Arizona state Senator Steve Smith talks with supporters at a fundraiser for a private border fence at Tommy's Bistro in Casa Grande, Arizona.
Devin Browne
By John Rosman
April 03, 2013

Arizona State Sen. Steve Smith says in the coming weeks a plan to build Arizona’s controversial border fence will be unveiled.

In 2011, Smith sponsored a bill allowing the state use inmate labor and private donations to build a border fence on private and government land.

We profiled Smith in 2011, when he was kicking off his fundraising tour for the fence:

"Here's the biggest issue in everything related to the border: If we truly wanted to secure the border, we could,” Smith said. “The problem is, we don't.”

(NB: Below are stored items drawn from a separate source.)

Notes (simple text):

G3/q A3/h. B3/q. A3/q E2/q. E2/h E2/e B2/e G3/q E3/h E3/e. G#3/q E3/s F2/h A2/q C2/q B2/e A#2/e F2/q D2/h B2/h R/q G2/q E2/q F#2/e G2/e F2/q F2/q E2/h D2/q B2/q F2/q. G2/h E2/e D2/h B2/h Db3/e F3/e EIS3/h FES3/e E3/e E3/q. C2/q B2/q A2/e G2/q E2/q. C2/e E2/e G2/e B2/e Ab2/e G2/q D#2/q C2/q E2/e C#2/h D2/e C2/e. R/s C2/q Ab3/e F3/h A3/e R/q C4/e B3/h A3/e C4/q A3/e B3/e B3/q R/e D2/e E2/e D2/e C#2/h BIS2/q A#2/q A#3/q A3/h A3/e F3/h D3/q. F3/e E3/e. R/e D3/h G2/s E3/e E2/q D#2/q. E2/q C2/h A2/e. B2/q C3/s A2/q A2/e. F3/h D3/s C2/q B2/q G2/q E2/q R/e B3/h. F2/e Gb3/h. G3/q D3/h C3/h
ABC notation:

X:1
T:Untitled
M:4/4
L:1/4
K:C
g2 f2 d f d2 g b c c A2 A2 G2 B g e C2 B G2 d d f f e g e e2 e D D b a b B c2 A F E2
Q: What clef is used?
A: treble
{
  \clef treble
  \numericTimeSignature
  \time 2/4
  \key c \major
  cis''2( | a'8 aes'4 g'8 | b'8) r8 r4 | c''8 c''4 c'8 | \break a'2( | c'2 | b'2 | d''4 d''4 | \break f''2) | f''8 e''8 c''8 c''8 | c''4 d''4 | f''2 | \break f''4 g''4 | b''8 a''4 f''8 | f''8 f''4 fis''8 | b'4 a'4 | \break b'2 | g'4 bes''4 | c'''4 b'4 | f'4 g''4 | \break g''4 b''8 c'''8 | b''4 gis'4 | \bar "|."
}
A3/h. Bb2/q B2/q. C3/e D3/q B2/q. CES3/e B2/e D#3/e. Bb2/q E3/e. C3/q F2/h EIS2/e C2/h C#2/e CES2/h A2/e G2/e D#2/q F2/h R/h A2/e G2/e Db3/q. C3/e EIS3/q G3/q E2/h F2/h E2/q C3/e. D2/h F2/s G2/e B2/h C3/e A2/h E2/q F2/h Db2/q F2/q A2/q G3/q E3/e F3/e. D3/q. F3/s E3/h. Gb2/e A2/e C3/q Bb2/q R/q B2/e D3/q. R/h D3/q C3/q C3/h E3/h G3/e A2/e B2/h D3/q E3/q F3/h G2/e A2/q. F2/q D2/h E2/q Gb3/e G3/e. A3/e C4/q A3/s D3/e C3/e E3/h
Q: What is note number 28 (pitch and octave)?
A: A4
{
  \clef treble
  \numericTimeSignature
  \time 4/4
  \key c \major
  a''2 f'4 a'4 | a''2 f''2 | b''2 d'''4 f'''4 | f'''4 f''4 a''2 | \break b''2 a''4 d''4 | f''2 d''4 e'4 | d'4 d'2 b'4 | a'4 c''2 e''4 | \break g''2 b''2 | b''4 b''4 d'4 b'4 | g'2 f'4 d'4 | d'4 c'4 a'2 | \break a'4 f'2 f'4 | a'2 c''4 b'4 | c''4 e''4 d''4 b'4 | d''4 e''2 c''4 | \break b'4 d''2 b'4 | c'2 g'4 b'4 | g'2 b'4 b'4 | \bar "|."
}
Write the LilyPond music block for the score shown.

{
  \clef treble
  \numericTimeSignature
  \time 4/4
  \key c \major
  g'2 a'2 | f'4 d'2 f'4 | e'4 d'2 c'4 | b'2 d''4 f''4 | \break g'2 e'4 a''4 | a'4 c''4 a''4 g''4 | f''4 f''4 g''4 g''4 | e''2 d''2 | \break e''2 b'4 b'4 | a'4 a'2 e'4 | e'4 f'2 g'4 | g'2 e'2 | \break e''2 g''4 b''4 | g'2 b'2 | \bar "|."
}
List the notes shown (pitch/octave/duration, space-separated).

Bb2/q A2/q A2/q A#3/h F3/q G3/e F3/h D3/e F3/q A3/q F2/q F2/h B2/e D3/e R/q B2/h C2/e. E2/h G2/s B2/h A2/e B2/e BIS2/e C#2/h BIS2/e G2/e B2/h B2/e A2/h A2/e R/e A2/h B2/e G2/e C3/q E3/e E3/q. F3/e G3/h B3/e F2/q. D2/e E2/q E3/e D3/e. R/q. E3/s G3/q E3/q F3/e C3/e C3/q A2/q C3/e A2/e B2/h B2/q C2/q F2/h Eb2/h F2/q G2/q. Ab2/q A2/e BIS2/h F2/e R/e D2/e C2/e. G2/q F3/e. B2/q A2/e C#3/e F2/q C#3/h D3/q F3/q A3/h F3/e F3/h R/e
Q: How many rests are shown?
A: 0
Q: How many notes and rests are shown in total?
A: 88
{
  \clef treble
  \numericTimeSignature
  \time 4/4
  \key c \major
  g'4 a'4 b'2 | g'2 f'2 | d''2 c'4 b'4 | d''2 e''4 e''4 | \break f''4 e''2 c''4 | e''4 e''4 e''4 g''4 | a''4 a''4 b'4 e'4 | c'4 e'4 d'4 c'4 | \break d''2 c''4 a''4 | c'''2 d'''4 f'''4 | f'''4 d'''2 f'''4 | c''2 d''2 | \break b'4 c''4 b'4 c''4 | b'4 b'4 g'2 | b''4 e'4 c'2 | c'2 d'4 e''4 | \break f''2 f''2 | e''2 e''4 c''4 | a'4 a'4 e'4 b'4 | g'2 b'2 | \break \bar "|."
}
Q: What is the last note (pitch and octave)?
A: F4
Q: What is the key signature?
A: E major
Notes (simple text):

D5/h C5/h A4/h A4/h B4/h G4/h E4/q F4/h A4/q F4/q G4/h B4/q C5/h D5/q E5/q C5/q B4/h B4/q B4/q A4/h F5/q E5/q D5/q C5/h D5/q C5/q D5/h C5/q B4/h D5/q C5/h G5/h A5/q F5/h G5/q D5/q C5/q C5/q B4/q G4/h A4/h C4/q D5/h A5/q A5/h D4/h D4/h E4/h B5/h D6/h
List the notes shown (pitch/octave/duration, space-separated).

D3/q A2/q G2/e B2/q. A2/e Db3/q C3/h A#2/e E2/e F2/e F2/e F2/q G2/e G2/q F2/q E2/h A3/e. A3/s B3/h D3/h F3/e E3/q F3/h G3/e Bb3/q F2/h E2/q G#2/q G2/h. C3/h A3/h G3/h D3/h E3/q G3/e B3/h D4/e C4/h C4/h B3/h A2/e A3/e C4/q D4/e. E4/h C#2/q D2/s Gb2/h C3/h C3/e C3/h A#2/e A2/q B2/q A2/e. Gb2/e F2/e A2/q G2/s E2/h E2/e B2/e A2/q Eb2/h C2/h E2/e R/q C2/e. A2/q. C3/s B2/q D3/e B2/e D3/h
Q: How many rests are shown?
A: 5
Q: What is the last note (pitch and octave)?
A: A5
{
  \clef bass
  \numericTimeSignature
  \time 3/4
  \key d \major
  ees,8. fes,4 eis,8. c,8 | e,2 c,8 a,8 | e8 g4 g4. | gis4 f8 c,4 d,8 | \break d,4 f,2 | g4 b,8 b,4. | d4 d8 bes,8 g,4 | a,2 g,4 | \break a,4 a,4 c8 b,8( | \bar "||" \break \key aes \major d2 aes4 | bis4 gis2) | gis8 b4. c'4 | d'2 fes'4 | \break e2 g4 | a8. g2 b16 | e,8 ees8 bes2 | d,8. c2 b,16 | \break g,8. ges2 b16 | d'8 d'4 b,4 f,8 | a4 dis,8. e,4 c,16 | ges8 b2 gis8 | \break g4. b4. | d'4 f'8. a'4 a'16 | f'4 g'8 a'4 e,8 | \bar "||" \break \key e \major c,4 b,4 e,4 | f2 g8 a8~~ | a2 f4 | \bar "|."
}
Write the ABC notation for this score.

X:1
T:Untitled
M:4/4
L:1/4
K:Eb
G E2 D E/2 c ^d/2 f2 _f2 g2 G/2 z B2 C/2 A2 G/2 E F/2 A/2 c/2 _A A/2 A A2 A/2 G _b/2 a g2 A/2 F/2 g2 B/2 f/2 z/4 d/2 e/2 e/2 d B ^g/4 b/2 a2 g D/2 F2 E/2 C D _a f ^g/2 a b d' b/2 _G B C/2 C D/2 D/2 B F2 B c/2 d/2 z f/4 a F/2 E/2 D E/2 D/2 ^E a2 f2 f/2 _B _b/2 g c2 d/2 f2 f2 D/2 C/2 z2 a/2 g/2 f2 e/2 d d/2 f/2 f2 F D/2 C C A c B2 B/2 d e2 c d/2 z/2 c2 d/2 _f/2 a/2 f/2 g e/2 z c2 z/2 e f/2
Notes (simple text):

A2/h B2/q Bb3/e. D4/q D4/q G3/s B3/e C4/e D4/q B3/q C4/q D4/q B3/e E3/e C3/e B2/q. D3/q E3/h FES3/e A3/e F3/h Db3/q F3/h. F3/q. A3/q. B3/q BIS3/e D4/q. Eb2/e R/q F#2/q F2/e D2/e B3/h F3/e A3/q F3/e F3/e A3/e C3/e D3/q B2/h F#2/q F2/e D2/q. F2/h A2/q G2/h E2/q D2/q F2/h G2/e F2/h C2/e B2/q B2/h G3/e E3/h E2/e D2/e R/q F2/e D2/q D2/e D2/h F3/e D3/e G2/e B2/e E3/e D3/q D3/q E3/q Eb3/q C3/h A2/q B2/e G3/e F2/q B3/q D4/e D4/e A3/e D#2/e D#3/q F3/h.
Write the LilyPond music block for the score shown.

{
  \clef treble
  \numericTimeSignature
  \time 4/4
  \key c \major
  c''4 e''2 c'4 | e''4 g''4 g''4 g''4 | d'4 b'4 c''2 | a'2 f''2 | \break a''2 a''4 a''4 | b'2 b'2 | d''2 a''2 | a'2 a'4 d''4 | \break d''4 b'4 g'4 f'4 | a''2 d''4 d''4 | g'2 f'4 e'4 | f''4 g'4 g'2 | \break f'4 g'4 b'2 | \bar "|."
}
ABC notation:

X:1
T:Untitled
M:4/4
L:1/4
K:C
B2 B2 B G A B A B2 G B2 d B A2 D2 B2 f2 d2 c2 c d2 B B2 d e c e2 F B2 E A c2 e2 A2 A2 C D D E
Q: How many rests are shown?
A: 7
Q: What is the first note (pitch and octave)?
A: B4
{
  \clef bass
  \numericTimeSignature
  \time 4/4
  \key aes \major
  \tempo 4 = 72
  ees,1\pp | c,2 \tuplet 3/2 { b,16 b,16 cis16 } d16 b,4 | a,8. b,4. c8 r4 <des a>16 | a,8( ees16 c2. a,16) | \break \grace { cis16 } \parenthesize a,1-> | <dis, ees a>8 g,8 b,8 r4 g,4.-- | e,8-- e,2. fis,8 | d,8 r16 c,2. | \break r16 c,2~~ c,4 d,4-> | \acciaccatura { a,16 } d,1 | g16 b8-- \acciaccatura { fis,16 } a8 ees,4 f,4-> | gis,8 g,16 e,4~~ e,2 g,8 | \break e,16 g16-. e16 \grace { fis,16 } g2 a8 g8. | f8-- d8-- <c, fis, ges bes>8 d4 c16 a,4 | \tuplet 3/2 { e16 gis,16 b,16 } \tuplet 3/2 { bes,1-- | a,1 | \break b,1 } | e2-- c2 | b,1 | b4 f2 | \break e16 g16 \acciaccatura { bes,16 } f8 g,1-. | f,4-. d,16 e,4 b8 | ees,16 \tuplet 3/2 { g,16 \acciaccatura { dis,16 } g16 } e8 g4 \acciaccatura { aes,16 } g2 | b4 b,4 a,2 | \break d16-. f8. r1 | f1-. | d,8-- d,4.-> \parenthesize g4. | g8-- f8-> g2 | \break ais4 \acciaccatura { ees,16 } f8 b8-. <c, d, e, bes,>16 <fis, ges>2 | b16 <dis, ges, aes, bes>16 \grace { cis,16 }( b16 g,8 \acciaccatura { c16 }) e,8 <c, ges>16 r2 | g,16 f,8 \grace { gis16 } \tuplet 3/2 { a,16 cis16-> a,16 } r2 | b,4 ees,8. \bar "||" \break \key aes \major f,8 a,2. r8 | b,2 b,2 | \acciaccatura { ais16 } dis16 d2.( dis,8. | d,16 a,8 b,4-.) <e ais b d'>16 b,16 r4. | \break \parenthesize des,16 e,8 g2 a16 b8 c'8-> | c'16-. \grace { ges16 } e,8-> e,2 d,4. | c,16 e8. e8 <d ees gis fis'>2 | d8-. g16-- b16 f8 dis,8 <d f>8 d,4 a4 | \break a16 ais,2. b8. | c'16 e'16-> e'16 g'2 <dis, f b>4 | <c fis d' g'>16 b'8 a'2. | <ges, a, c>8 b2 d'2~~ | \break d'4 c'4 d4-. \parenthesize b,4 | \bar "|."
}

 Smith, on the other hand, does.

To this end, he recently announced the web headquarters for his fundraising campaign: His first goal is $50 million.

In the first 17 hours the site raised more than $39,000. But in the subsequent years, donations have dried up. As of April 3, 2013 the site has raised a little more than $193,000 — quite short of its original goal.

But as Stateline reports, an undeterred Smith says plans are underway to build the fence, just in time for the political discussion of immigration reform.

State Sen. Steve Smith, a Republican, said the plan will be disclosed after a legal review is complete. “We have a strategy in place. We have a contractor in place. We have a provider in place,” he said.

The idea is to plug the gaps that Smith and other Arizona officials see with the federal government’s border fence along the state’s 370-mile border with Mexico.

Smith declined to say what agency was conducting the legal review.

But the same logistical questions in 2011 still remain today. Where would this fence go?

Smith said the proposal will likely be available in the next several weeks.